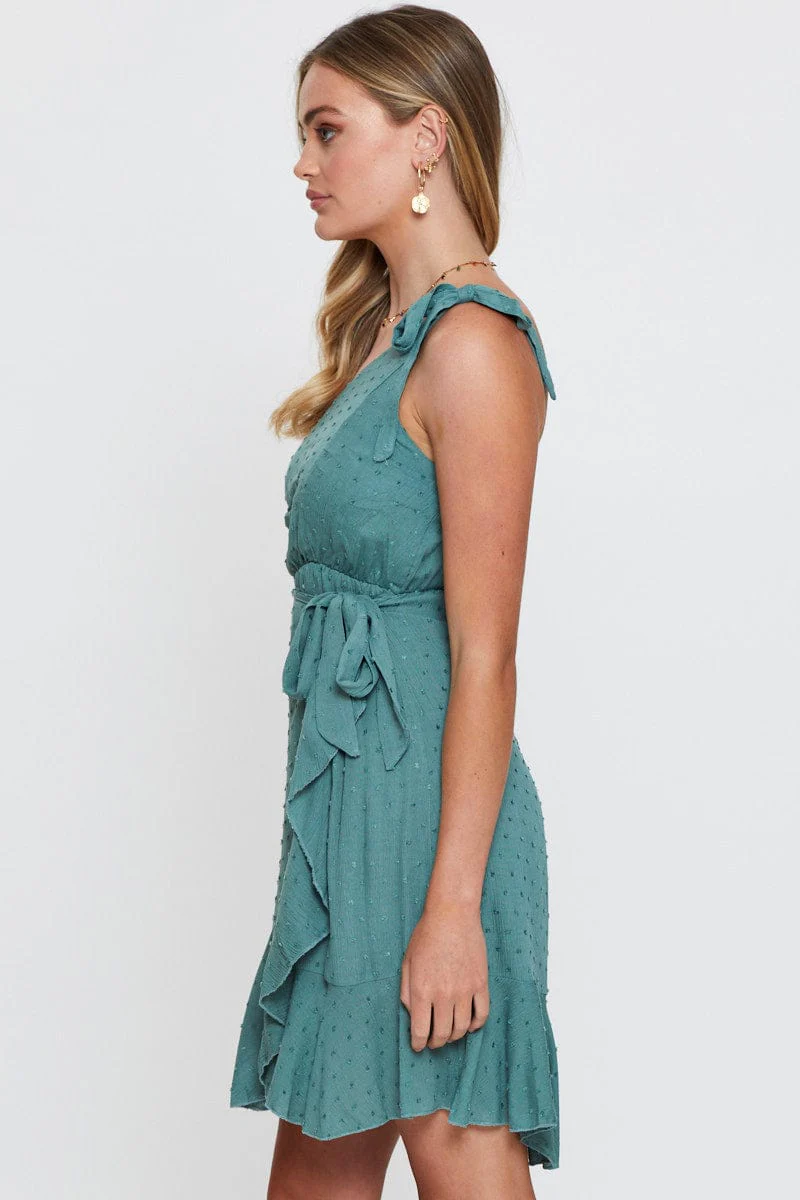 Green Wrap Dress One Shoulder Sleeveless
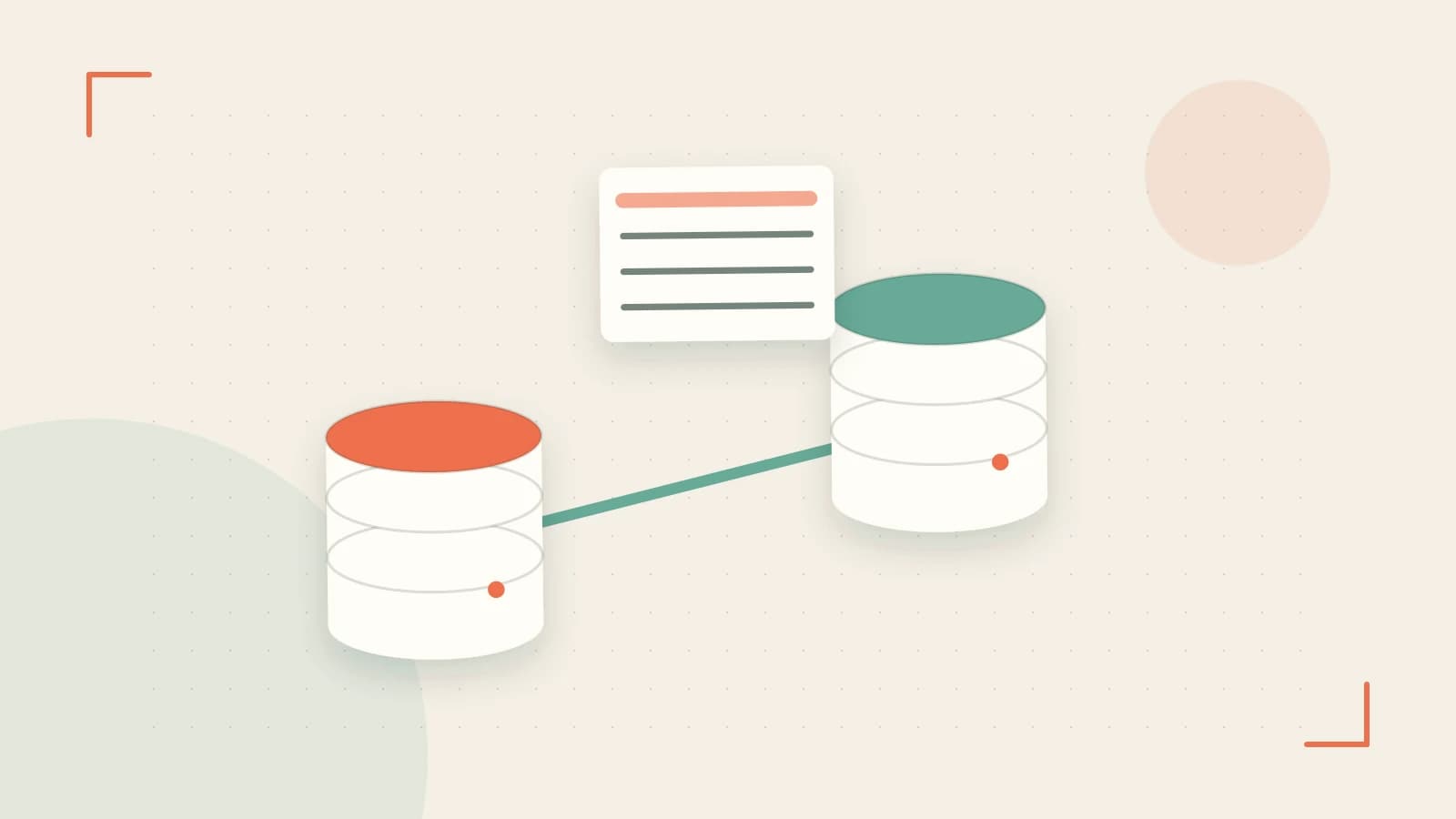 Editorial illustration of structured records, database cylinders and relationships between tables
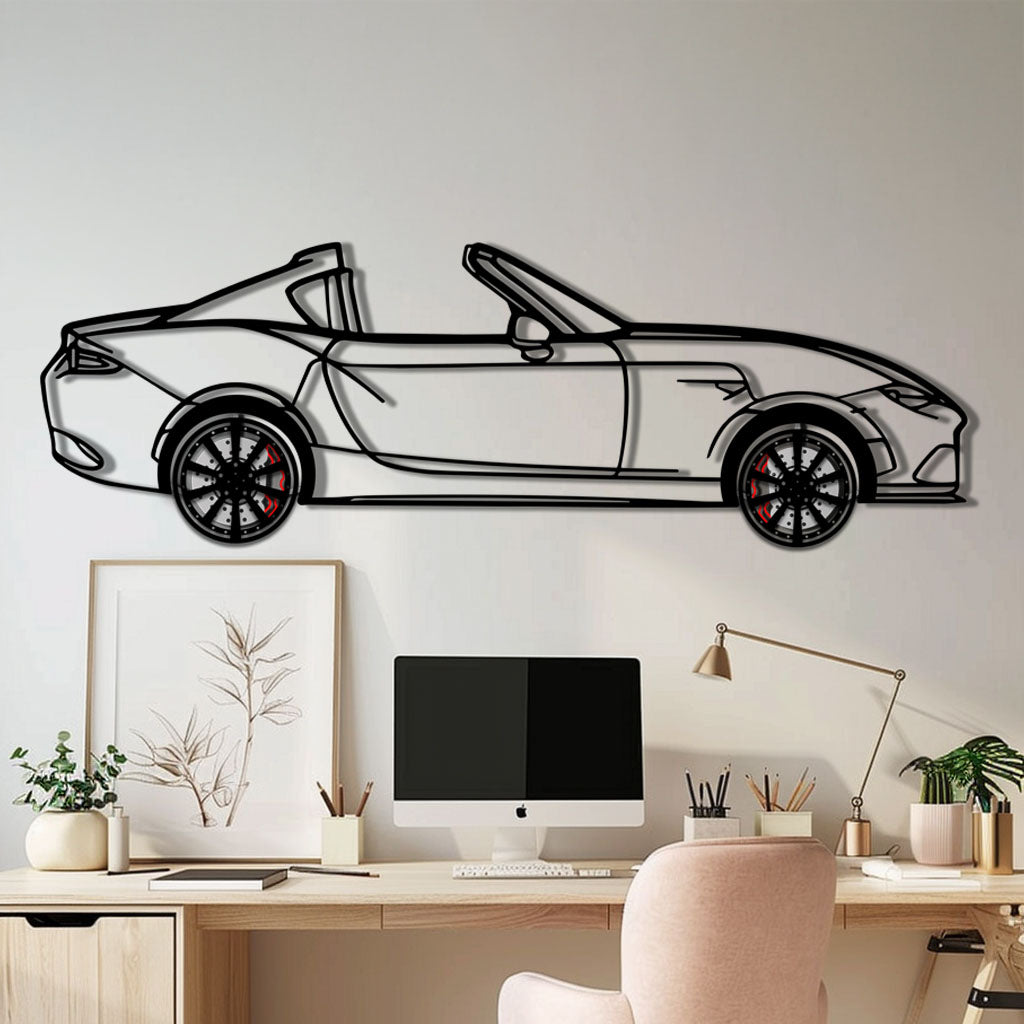 Mazda MX-5 RF Metal Car Wall Art with Rotating Wheels - JDM Roadster Silhouette - Interactive Automotive Wall Decor - KAFMEKA146 - Tampa Home & Garden Store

WHAT YOU HAVE TO DO: Transcribe the listing verbatim, pictures excluded.

ANSWER TO THIS TASK:
 Green Wrap Dress One Shoulder Sleeveless
 Editorial illustration of structured records, database cylinders and relationships between tables
 Mazda MX-5 RF Metal Car Wall Art with Rotating Wheels - JDM Roadster Silhouette - Interactive Automotive Wall Decor - KAFMEKA146 - Tampa Home & Garden Store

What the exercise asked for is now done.